Terraform for infrastructure provisioning
Ansible for configuration management
Kubernetes for container orchestration
SLURM for HPC resource management
The patterns that make infrastructure automation actually work

I ended up building two complementary systems: ProxBox-Kube for Kubernetes clusters and ProxBox-SLURM for HPC environments. Both use the same underlying automation tools but solve completely different problems.

ProxBox-Kube: My First Real Terraform Project

The Problem

I’d never actually run Kubernetes in my homelab, but I wanted to learn it properly. Since I knew I’d be rebuilding everything after my move, I figured the smart approach was to build the deployment automation first, then learn Kubernetes through that reproducible infrastructure.

What I Built

ProxBox-Kube automates the entire Kubernetes cluster deployment process on Proxmox VMs.
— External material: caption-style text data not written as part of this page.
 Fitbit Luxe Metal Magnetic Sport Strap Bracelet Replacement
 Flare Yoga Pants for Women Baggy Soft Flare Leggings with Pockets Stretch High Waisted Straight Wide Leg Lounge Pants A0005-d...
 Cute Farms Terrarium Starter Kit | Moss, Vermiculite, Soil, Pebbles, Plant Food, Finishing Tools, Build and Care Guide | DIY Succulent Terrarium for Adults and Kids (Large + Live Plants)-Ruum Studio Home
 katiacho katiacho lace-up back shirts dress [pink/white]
Here’s what it handles:

VM Provisioning: Uses Terraform with the Proxmox provider to create VMs
Cluster Configuration: Ansible playbooks that configure kubeadm, networking, and services
High Availability: Sets up HAProxy and Keepalived for load balancing
Networking: Configures Calico CNI for pod networking
Container Runtime: Uses containerd instead of Docker

The architecture I settled on creates:

A prime control node (192.168.100.101+) that bootstraps the cluster
Secondary control nodes for redundancy
Worker nodes (192.168.101.101+) where pods actually run
A virtual HA IP (192.168.100.100) for seamless failover

What I Learned

Terraform is More Intuitive Than Expected: Once I got over the initial learning curve, describing infrastructure as code felt natural. The ability to terraform destroy and rebuild identical environments completely changed how I approach experimental infrastructure.

Ansible Makes Sense: YAML everywhere can be annoying, but the declarative approach to configuration management is incredibly powerful. Instead of maintaining shell scripts, I could describe the desired state and let Ansible figure out the implementation.
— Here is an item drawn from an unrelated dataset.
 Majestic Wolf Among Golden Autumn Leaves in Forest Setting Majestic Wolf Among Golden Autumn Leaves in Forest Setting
Kubernetes Complexity is Real: Even with kubeadm handling the heavy lifting, there are so many moving pieces. Network policies, storage classes, ingress controllers—each component taught me something new about how container orchestration actually works.

High Availability Isn’t Magic: HAProxy and Keepalived seemed scary at first, but the patterns are well-established. The hardest part was understanding how all the networking pieces fit together.
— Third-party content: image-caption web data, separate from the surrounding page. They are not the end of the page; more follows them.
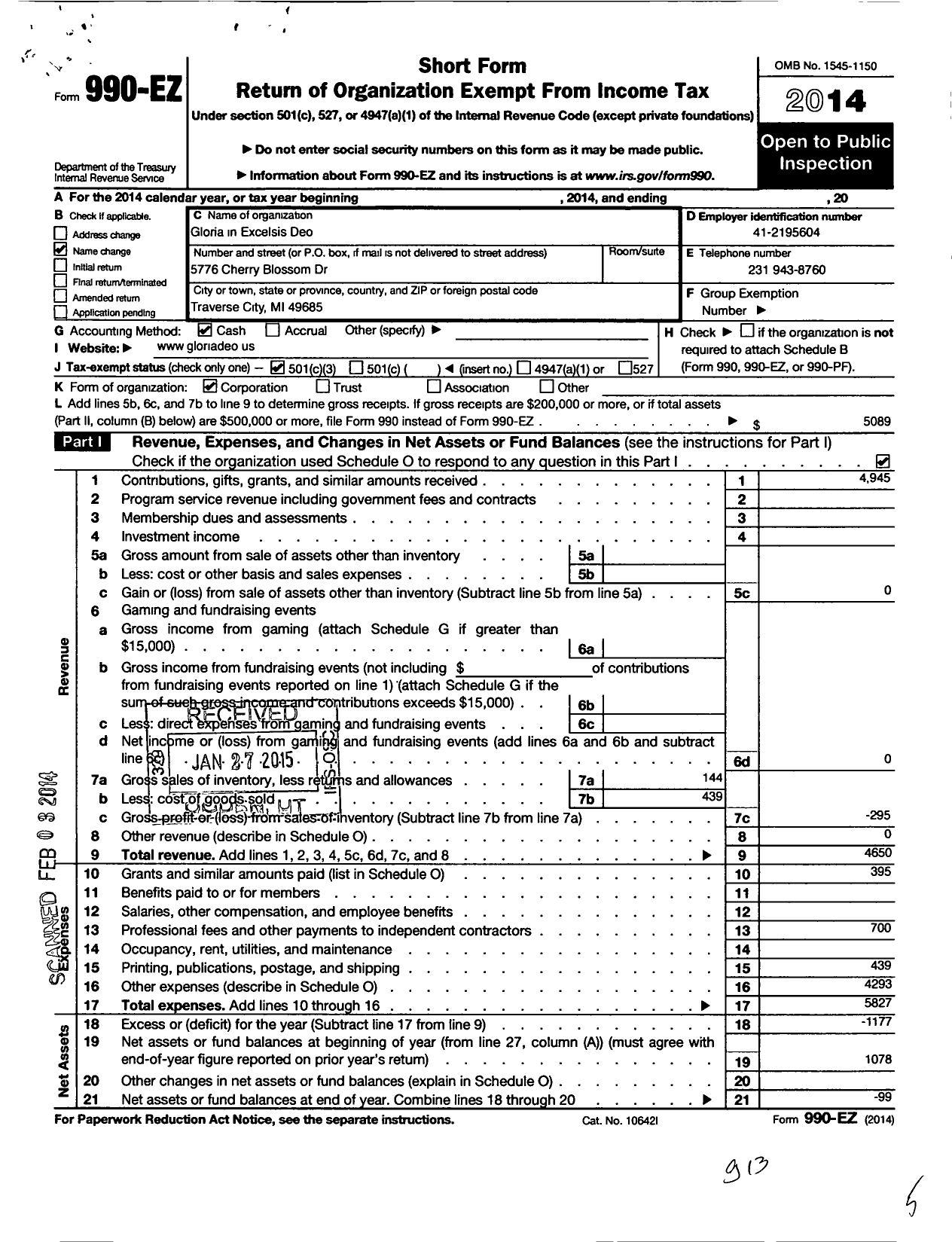 Image of first page of 2014 Form 990EZ for Gloria in Excelsis Deo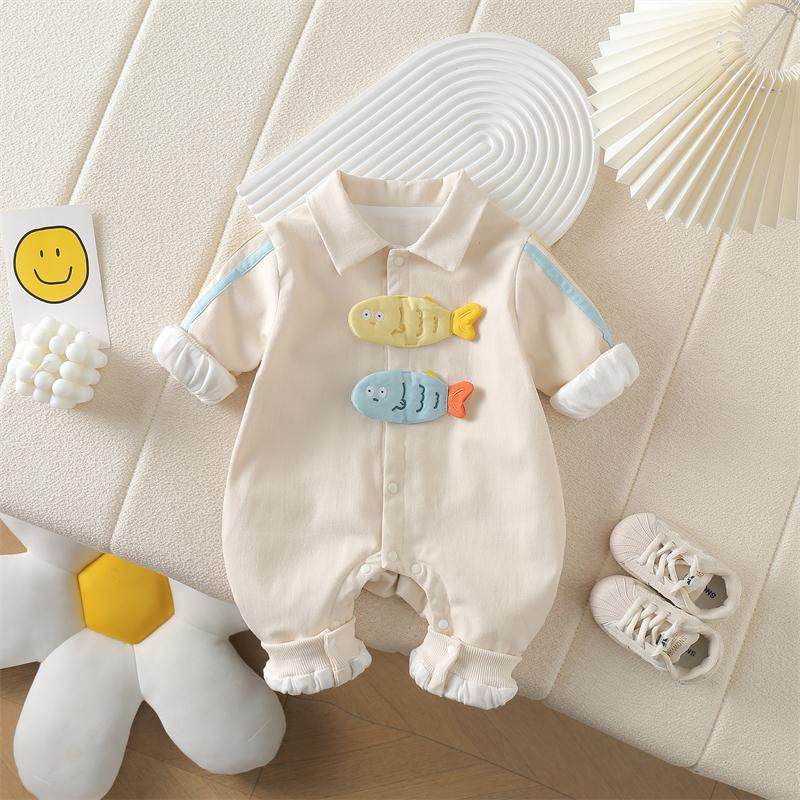 婴儿秋季连体衣宝宝纯棉春秋装婴幼儿入秋哈衣外出服男女儿童衣服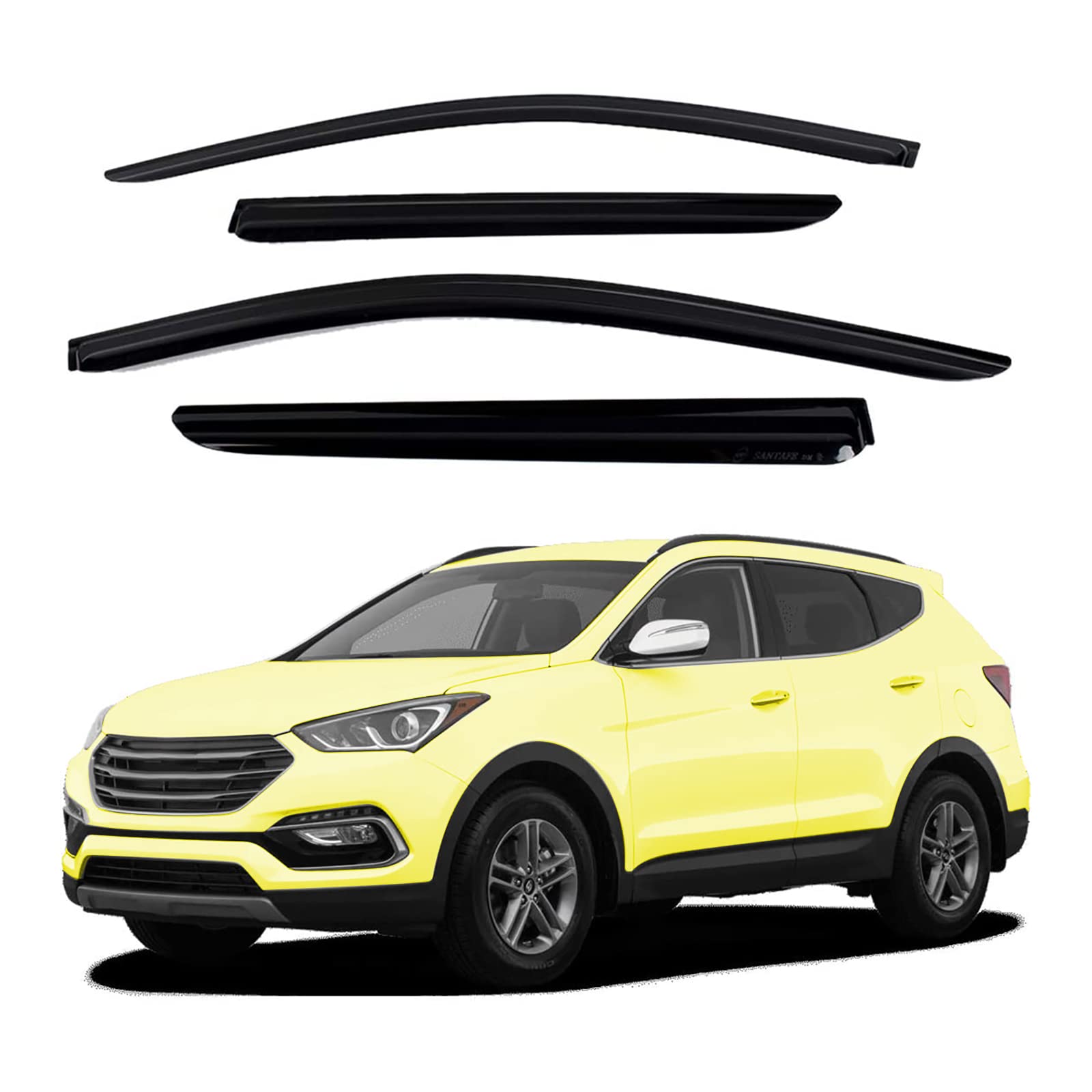 Zzdsnj Tape-On Rain Guard 4-Piece For 2013-2018 Hyundai Santa Fe Windows Visor Shield Shade Smoke 94534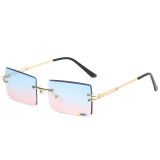 Gradient Sunglasses UV Protection Fashion Square Tinted Lens Vintage Rimless Eyewear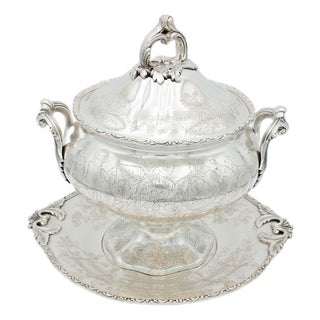 Silver Soup Tureen with Floral Motifs For Sale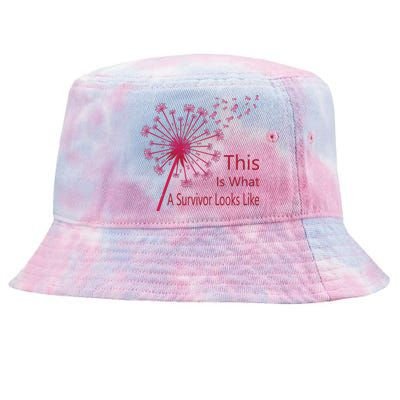 Dandelion Faith Hope Love Breast Cancer Awareness Flower Tie-Dyed Bucket Hat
ProxBox-SLURM: Exploring HPC Resource Management

Why SLURM?

After getting comfortable with Kubernetes, I wanted to explore a completely different approach to resource management. SLURM represents decades of HPC wisdom, and I was curious how it would compare to the container-centric world I’d been learning about. Again, I’d never actually run SLURM before, but I figured building the automation would be the best way to learn it.

The Different Paradigm

Where Kubernetes assumes ephemeral workloads that can be killed and restarted, SLURM is built for long-running scientific computing jobs that might run for days or weeks. This fundamental difference affects everything from scheduling to resource allocation to monitoring.

What I Discovered

HPC and Containers Are Different Beasts: SLURM’s job queues, resource partitions, and accounting systems solve problems that don’t exist in the Kubernetes world. Multi-user environments, fair-share policies, and batch processing require entirely different thinking.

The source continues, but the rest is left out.